But finally, while we are endeavouring to be judicial, it is appropriate to think of the better side of King Philip. He, too, had obstacles to overcome, and he suffers from the pathetic consequences of success; for we forgive the weaknesses and vices and the underhand measures of the one who fails, but we are prone to impute the success of the man who succeeds, purely to the evil of his ways. Once more we may quote Prévost-Paradol
“Philip had closely observed Greece, with its incurable and daily augmenting weaknesses, and he had foreseen, as a magnificent future, the reunion of these powerless and divided people, under his sovereign authority. He had understood that the Grecian empire, defended by mercenaries and void of citizens, belonged to those who could put in the ranks the greatest number of trained soldiers, and that patriotism had no longer any part to play in this supreme struggle. The instinct and passion of craftiness, patience, the art of bribery, made him eminently suitable for those corrupting and lying manœuvres, which divide the enemy and prepare victory. And to these precious gifts were added an unrestrained ambition, sufficiently strong so as not to draw back in the face of any danger, sufficiently enlightened only to seek opportune contests, and to become great only through success. It is because Philip always saw ahead of his actions, and hoped for great things, that they were always appropriate and useful, and that he did them with such terrible activity. He gave himself up entirely to intrigues, to battles, to the formation of his army, to the subjection of Greece, and to vast hopes.
“It is with a sort of terror that Demosthenes saw and described him as being consumed by desires always greater, and carried away by a hidden strength from enterprise to enterprise. ‘I saw Philip with one eye put out, one shoulder broken, a crippled hand, a wounded thigh, abandon to fortune without ceremony or hesitation all that it wished to take of his body, provided the rest remained powerful and honoured.’ Who does not see that his unchecked activity followed a more elevated aim than the submission of Greece and that this great man, in a hurry to have finished, was afraid of seeing life suddenly fail his ambition? What could Greece do to such a genius, sustained by such a character?”
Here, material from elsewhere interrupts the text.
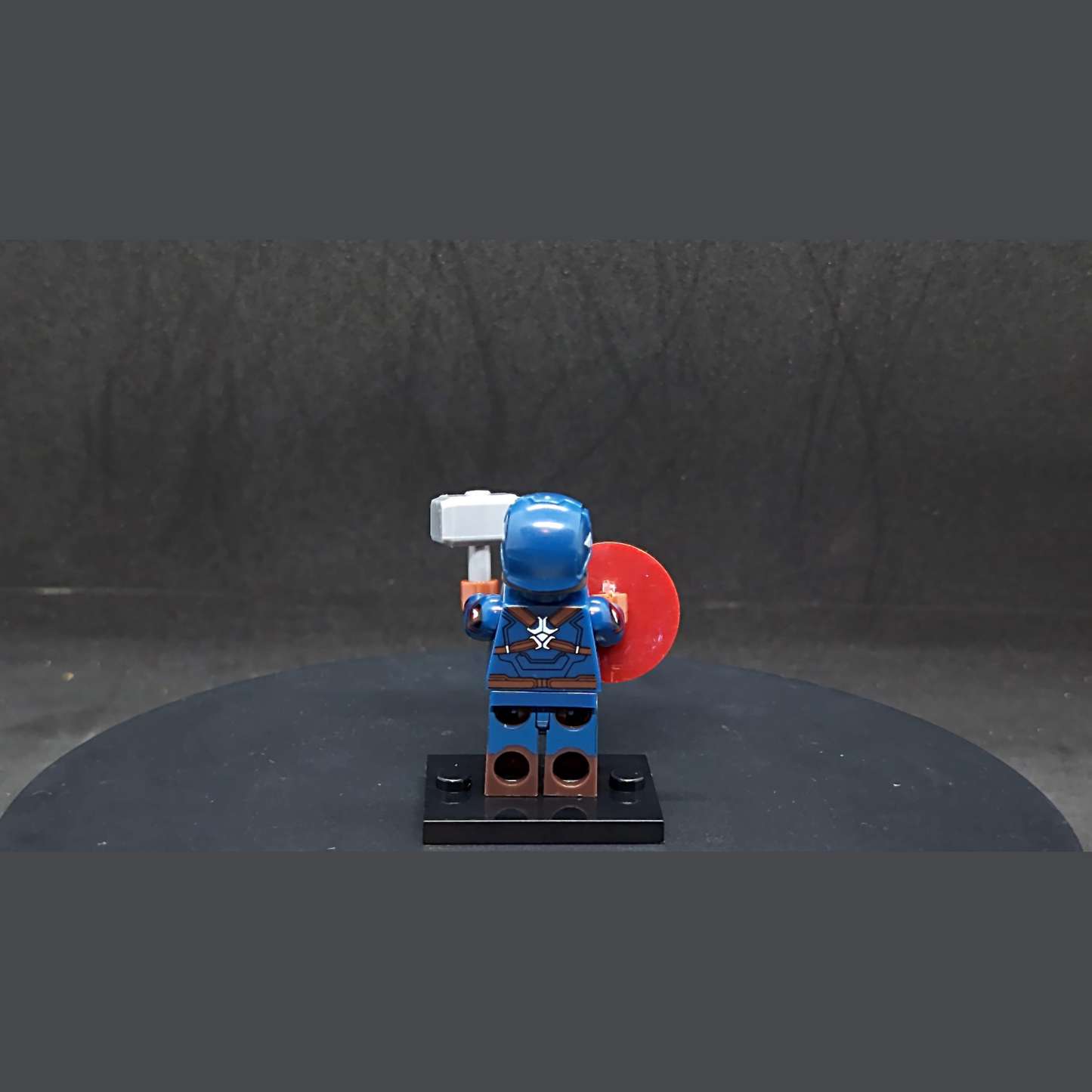 Marvel Avengers Captain America Figurine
Ruins of the Gate of the Propylea of Athens
Professor Bury
THE SACRED WAR
[359-351 B.C.]
Alexander, the tyrant of Pheræ, was assassinated in 359 by his brothers-in-law, at the instigation of his wife, Thebe, she having taken care to deprive him of his sword while he slept and to remove the dogs which guarded the entrance to his chamber. She then introduced her brothers, and on their hesitating to deal the blow she threatened to awake her husband. The murderers assumed Alexander’s tyranny, and one of them, Lycophron, was on the throne when Philip was summoned to oppose him by the powerful family of the Aleuadæ of Larissa, who, like the Macedonian kings, pretended to descend from Hercules. Philip was then besieging Methone, the only city of the Thermaic Gulf which still formed part of the Athenian federation. After having received a wound which cost him one eye, he took the city, razed it to the ground, and seized the occasion which then offered to enter Thessaly. Lycophron having made an alliance with the Phocians, Phayllus, brother of Onomarchus, came to his aid with seven thousand men. Philip defeated Phayllus, but was himself defeated by Onomarchus, who forced him back into Macedonia while he, Onomarchus, returned to Bœotia to gain possession of Coronea. But Philip reappeared shortly with a new army: his forces united to those of Thessaly amounted to twenty thousand men and three thousand horses. Against the Phocians, who had stolen the treasure of the temple of Delphi, he appeared as an avenger of Apollo, and all his soldiers wore crowns made of laurel leaves from Tempe.